Parsing functions in urllib.parse remove the delimiters of empty URI components in violation of RFC 3986 #99962

geryogam · 2022-12-03T02:42:01Z

Issue

Here is the generic syntax of a URI, consisting of five components:

URI = scheme ":" ["//" authority] path ["?" query] ["#" fragment]

A component is undefined if it has an associated delimiter and the delimiter does not appear in the URI; the scheme and path components are always defined (cf. RFC 3986, § 5.2.1).
A component is empty if it has no characters; the scheme component is always non-empty (cf. RFC 3986, § 3).

So we need two distinct representations for undefined components and empty components.

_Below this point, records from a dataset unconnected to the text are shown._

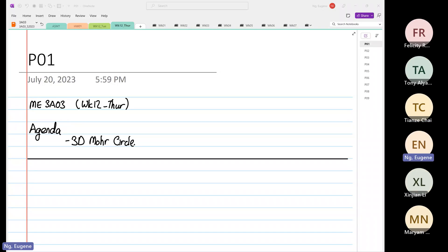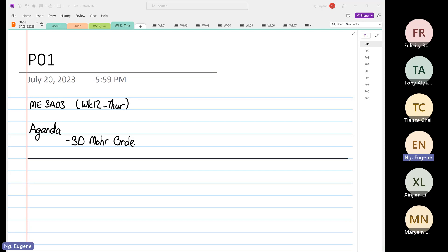It is week 12. Next week is going to be the last week of lecture, and then the following week is your final exam. So we have about six more hours of lecture to go.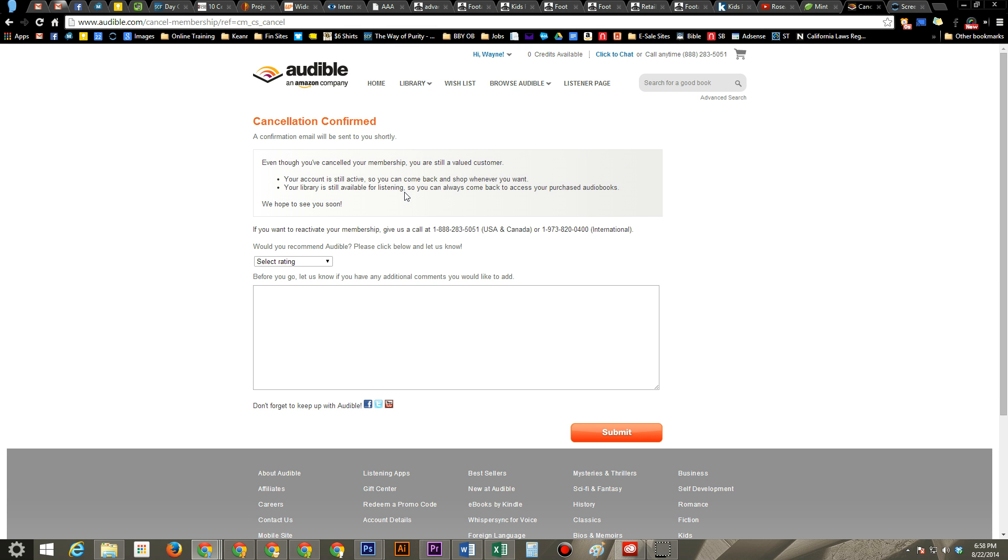You can still sign in. You can listen to all your audiobooks. You can still download them. All that stuff is still the same. It just will not charge you the monthly subscription.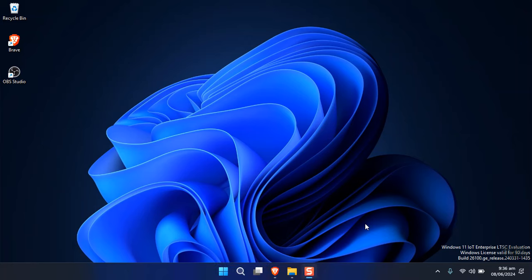Hello everyone. This is by far the cleanest Windows 11 that I have ever tested, and Microsoft has released it to the market. This is Windows 11 IoT Enterprise LTSC.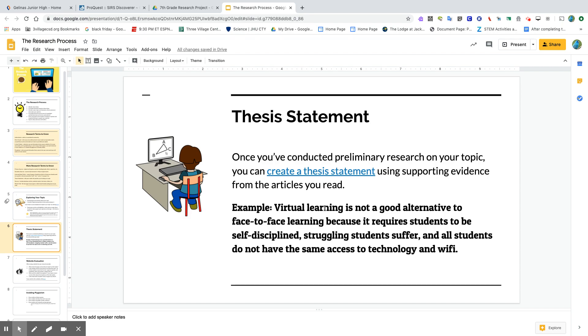This may need some work, but I put something on the screen that I can start to work with and start to find evidence to support. This may have to be adjusted at some point throughout the process, but we're going to go ahead and start to find information that supports this, one of the aspects of this thesis statement.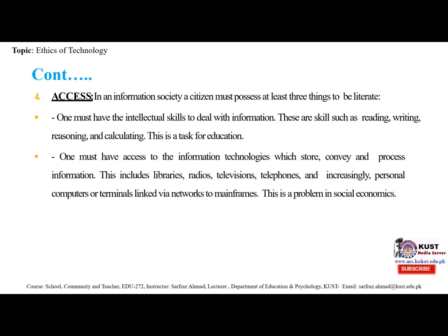Access is defined as the way to enter or exit a place. An example of access is a road that connects houses to a highway. The definition of access is the right to use, communicate or approach something or someone — an example is permission to enter a secure area. Microsoft Access is an information management tool that helps you store information for reference, reporting and analysis, and helps you manage large amounts of related data more efficiently than Microsoft Excel or other spreadsheet applications.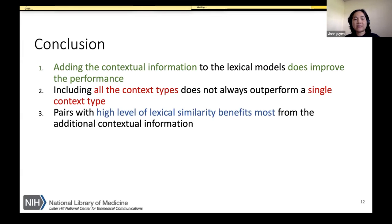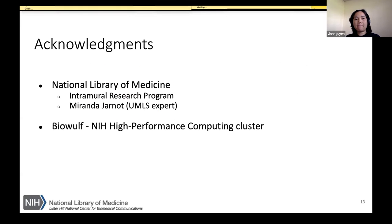The last finding is that high levels of lexical similarity benefit most from contextual information addition. Our work has been sponsored by the National Library of Medicine Intramural Research Program, and we used the Biowulf cluster at NIH for the evaluation. Thank you.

Currently the functions urlparse(), urlsplit(), and urldefrag() of the urllib.parse submodule use the empty string '' for representing undefined components and empty components, which results in lossy parsing for URIs with empty components (their associated delimiters are removed):

>>> from urllib.parse import urldefrag, urlparse, urlsplit
>>> 
>>> urldefrag('scheme://authority/path?query#fragment').geturl()
'scheme://authority/path?query#fragment'
>>> urldefrag('scheme:///path?query#fragment').geturl()  # empty authority
'scheme:/path?query#fragment'
>>> urldefrag('scheme://authority/path?#fragment').geturl()  # empty query
'scheme://authority/path#fragment'
>>> urldefrag('scheme://authority/path?query#').geturl()  # empty fragment
'scheme://authority/path?query'
>>> 
>>> urlparse('scheme://authority/path?query#fragment').geturl()
'scheme://authority/path?query#fragment'
>>> urlparse('scheme:///path?query#fragment').geturl()  # empty authority
'scheme:/path?query#fragment'
>>> urlparse('scheme://authority/path?#fragment').geturl()  # empty query
'scheme://authority/path#fragment'
>>> urlparse('scheme://authority/path?query#').geturl()  # empty fragment
'scheme://authority/path?query'
>>> 
>>> urlsplit('scheme://authority/path?query#fragment').geturl()
'scheme://authority/path?query#fragment'
>>> urlsplit('scheme:///path?query#fragment').geturl()  # empty authority
'scheme:/path?query#fragment'
>>> urlsplit('scheme://authority/path?#fragment').geturl()  # empty query
'scheme://authority/path#fragment'
>>> urlsplit('scheme://authority/path?query#').geturl()  # empty fragment
'scheme://authority/path?query'

urlparse() also uses the empty string '' for representing undefined subcomponents and empty subcomponents when the scheme component is http, which also results in lossy parsing for URIs with empty parameter subcomponents (their associated delimiters are removed):

>>> from urllib.parse import urlparse
>>> 
>>> urlparse('http://authority/path;parameter?query#fragment').geturl()
'http://authority/path;parameter?query#fragment'
>>> urlparse('http://authority/path;?query#fragment').geturl()  # empty parameter
'http://authority/path?query#fragment'

All those URI pairs (before and after parsing) with empty components are not equivalent so the current parsing violates the URI specification by removing the associated delimiters (cf. RFC 3986, § 6.2.3):

Normalization should not remove delimiters when their associated component is empty unless licensed to do so by the scheme specification. For example, the URI http://example.com/? cannot be assumed to be equivalent to any of the examples above. Likewise, the presence or absence of delimiters within a userinfo subcomponent is usually significant to its interpretation. The fragment component is not subject to any scheme-based normalization; thus, two URIs that differ only by the suffix # are considered different regardless of the scheme.

Solution

In PR #15642, I proposed to use None for representing undefined components and keep using '' for representing empty components, so that urlparse(), urlsplit(), and urldefrag() are able to distinguish between the two cases.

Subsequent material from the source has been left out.